◆ **WHAT THE TASK REQUIRES**:
Copy out the whole listing exactly as given. Skip the pictures.

◆ **COLLECTED MATERIAL**:
------------------------------------------------
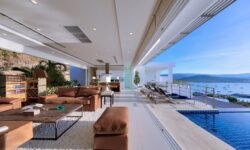 Luxury 4 Br Seaview Villa In Bangrak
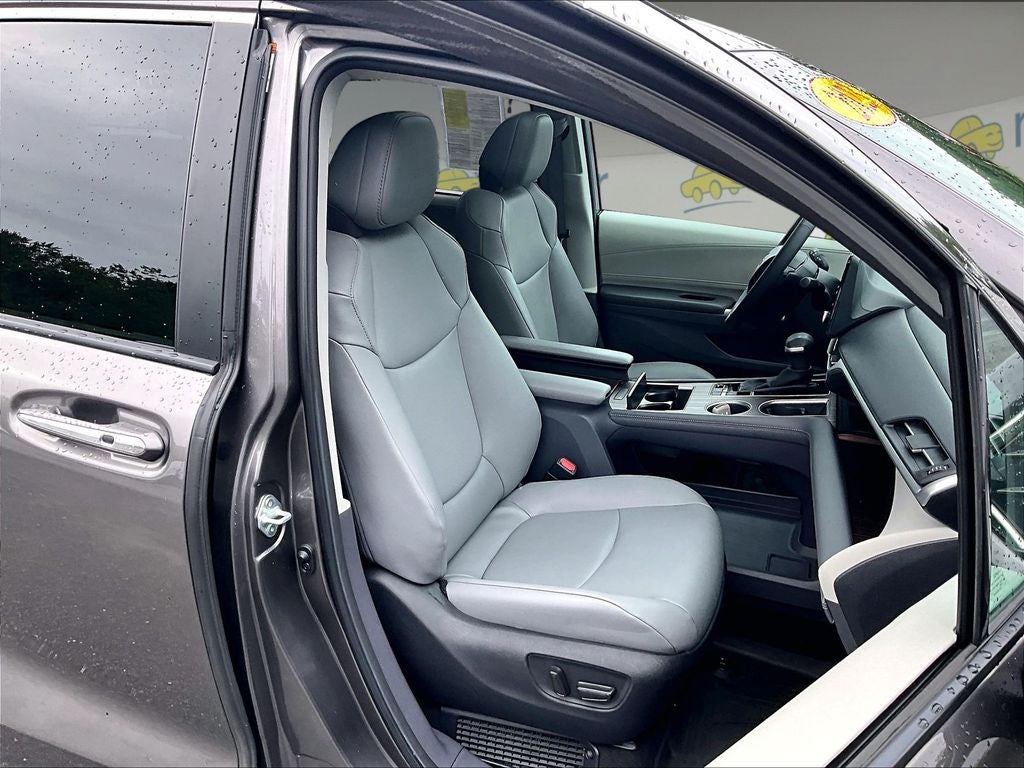 2023 Toyota Sienna XLE 7 Passenger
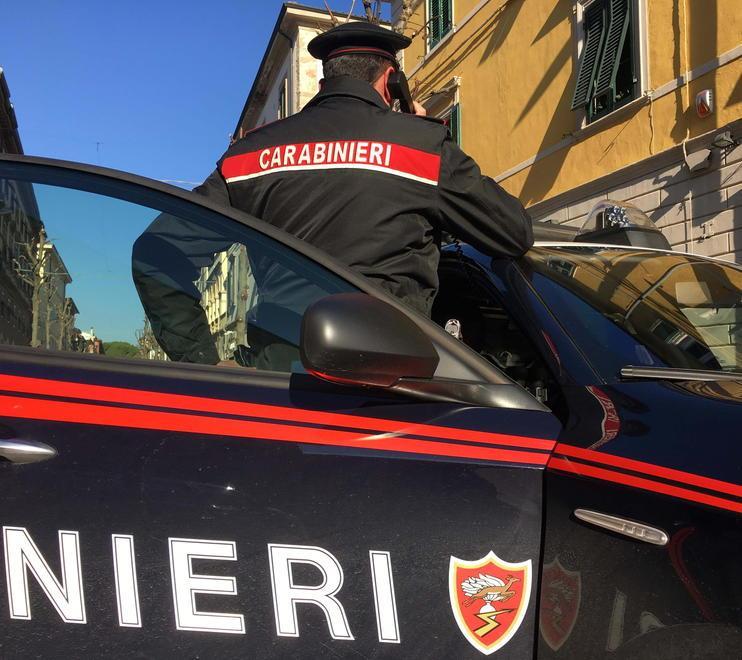 Preso a rubare su un’auto arrestato dai carabinieri per furto aggravato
------------------------------------------------
◆ **ANSWER TO THIS PROBLEM**:
 Luxury 4 Br Seaview Villa In Bangrak
 2023 Toyota Sienna XLE 7 Passenger
 Preso a rubare su un’auto arrestato dai carabinieri per furto aggravato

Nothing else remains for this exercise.